Enviados a predicar; pero, sobre todo, a “dar trigo”

Jesús predica incansablemente con su palabra, sus parábolas, sus alegorías, sus múltiples ejemplos. Pero, no se quedó sólo en palabras: le vemos sanando, curando, perdonando, comiendo y hospedándose con quienes le invitaban, Hoy vemos que “en la aldea o pueblo o caserío donde llegaba, colocaban a los enfermos en la plaza, y le rogaban que les dejase tocar al menos el borde de su manto; y los que lo tocaban se ponían sanos”.

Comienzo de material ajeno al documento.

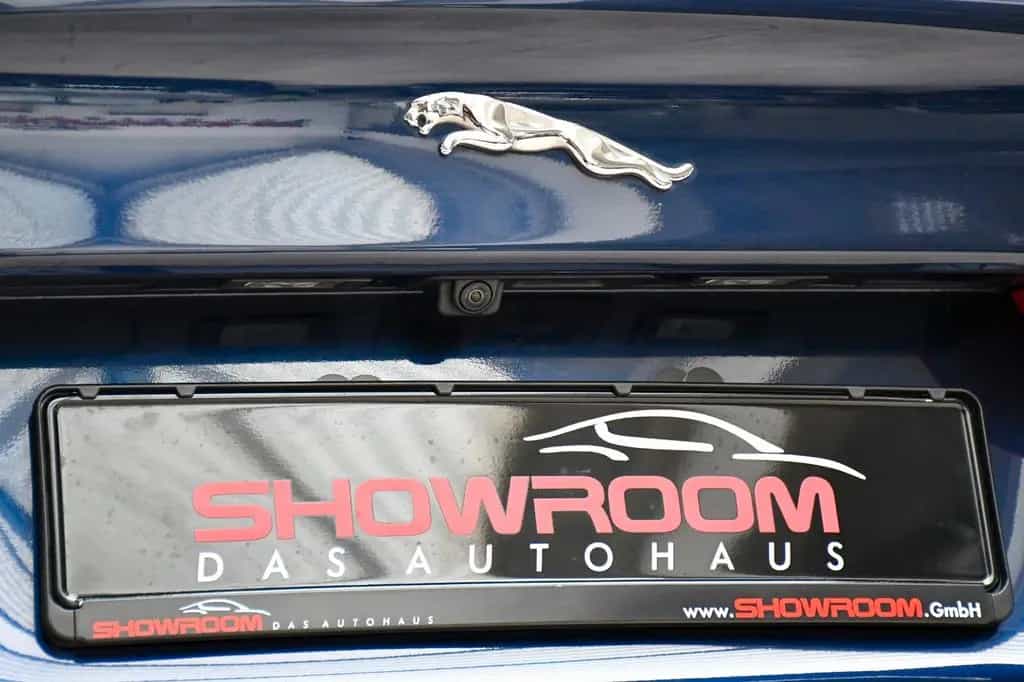 Jaguar XE Prestige Navi Bluetooth Shz Komfort-P. 75tkm! 06/2016-photo-34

El Santo Padre Francisco predica incansablemente como Jesús. Y, como él, tiene gestos inequívocos con los enfermos, con los refugiados, con los pobres, con las mujeres, con los niños. Y el mundo entero entiende esos gestos mejor que sus palabras, y los comenta y, en algún sentido al menos, los imita al ver la transparencia, veracidad y bondad que emana de ellos.

Soltemos amarras. Dejémonos llevar por el viento del Espíritu, y, aunque nosotros también nos dirijamos hacia nuestra Betsaida particular, agradezcamos que el Espíritu nos lleve a la tierra que quiera, aunque aparentemente sea también pagana. Él sabe lo que hace; lo nuestro es secundar sus insinuaciones, y, a veces, decisiones.

¿Me percato de que de mí depende convertir el miedo y posterior cerrojazo en la actitud y decisión de salir y acudir donde me lleve el Espíritu?
Está bien que sigamos atendiendo a las noventa y nueve ovejas que, puntualmente, siguen viniendo a nuestras celebraciones. Pero, ¿qué actitud tengo y ejerzo hacia la o las perdidas, las que no vienen?